The problem I am facing is similar, and worse. Sometimes when I have an AP that looses connection to it's controller, the AP homes to another controller. In most cases, that controller is in another country/location, and may have other country codes enabled, and may not even support the regulatory domain of the AP in question.
Then, when the original controller comes back online, the AP does not go back to it's own controlelr (since it is not in the same mobility group), and resetting the AP brings it back to the original controller, but then the AP looses it's country settings, as when the AP joins a controller with the same regulatory domain as the AP itself, it seems to select the first enabled country code available in the domain.
In some case, this results in radios staying down, and have to manualyy re-eable the radios and set the correct country code from WCS.
Working with TAC, and even engineers that have been on-site, and reading to documents it seems the whol discovery and selection process has changed over the years with newer version, and seems that this has not been changed after 4.2.
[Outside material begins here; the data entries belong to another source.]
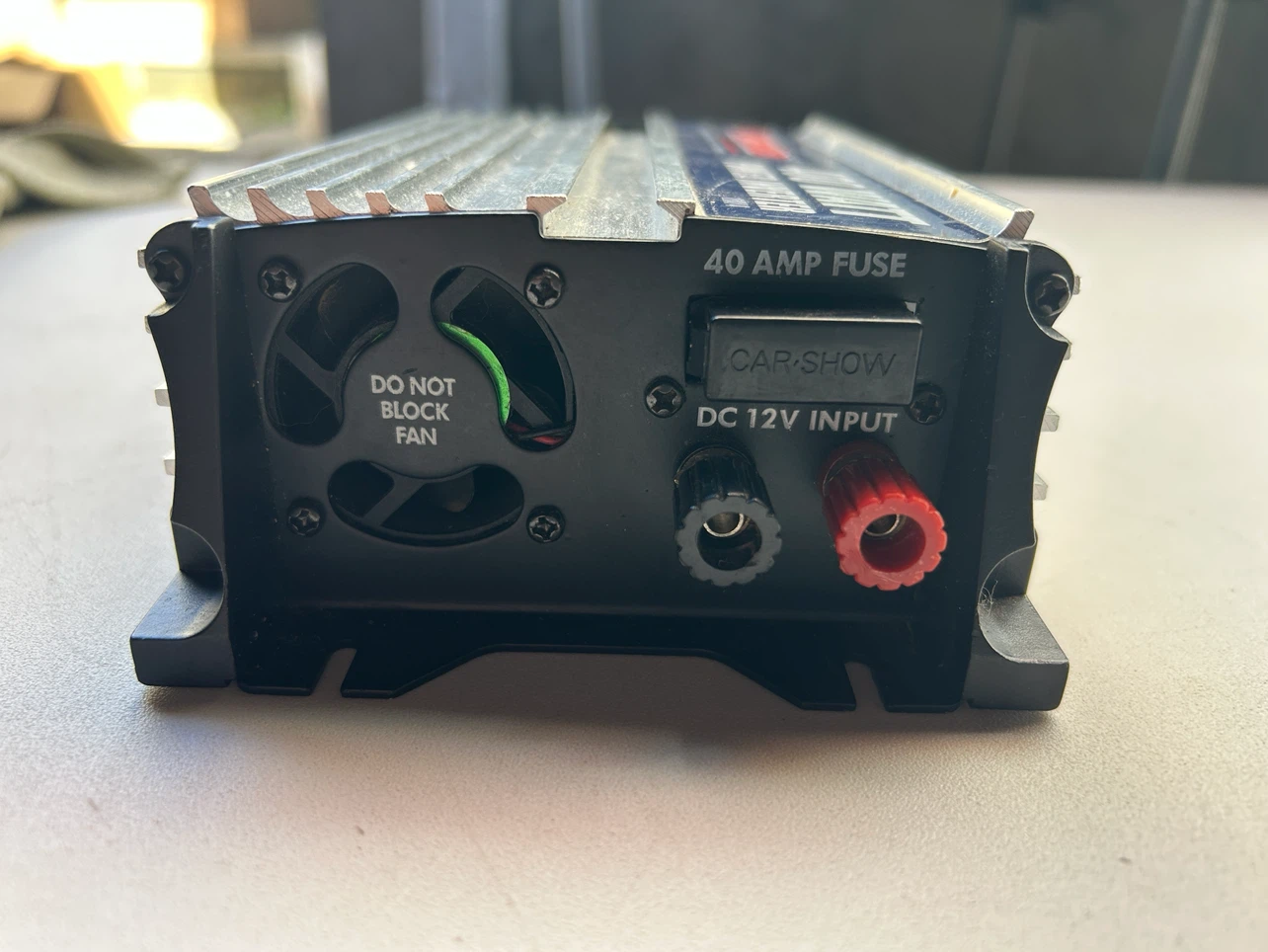 Westward 400 Watt Power Inverter 1YAY4 - photo 4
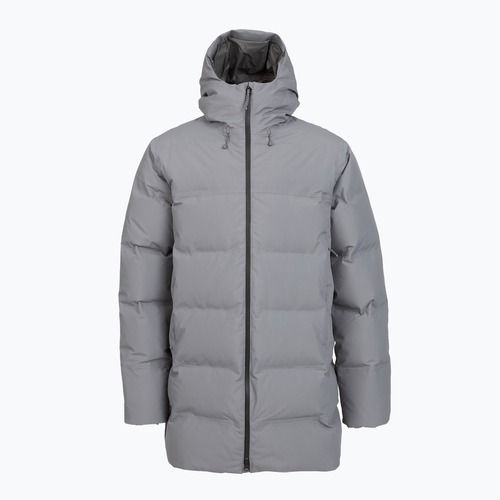 Geacă de puf pentru bărbați Patagonia Jackson Glacier Parka noble grey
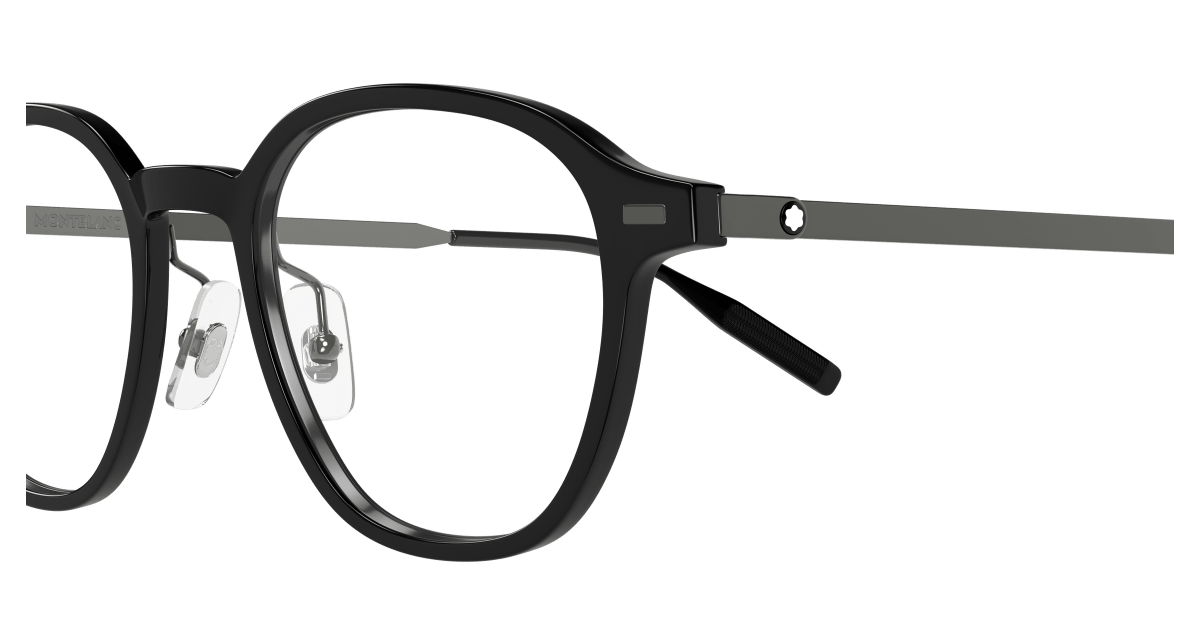 Montblanc MB0427O Black 001 889652599038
However, one engineer stated it has changed in 5.2 (I am running the elatest 5.2 version) but no docs to support it.
Another engineer informed me that in the LWAPP discovery response from a controller, the controller sends all IPs of controllers in its mobility group that it knows of. If so, that would require mobility groups to be different for each location. Other engineers state this is not required.
A lot of discrepancies out there, IMHO.
Wish there would be one guru that could prefectly outline the whole discovery and selection proces, and provide supporting documents that show the explanation goes for 5.2
Just venting a bit ;-)
Call or email me (check my profile) - I can talk more with you about this stuff. I have some documentation about how the process works in pre 5.0 code, but I suspect the difference the engineers are talking about is the migration from LWAPP to CAPWAP (Control And Provisioning of Wireless Access Points), which is open standard.
Scott, the format of the option 43 command in IOS for the AP you are using is incorrect. It should be option 43 hex F1aabbccddee, where aa= hex value of the number of bytes to follow (04 for one IP address, 08 for two), where bbccddee are the hex values of each octet of the IP address of the Mang. Interface of the controller
Thanks for the reply. I'm aware of the HEX configuration for Option 43. I just did a quick re-read of the documentation for that and didn't realize that the option for ascii only applies to 1000 series APs!! Thanks!!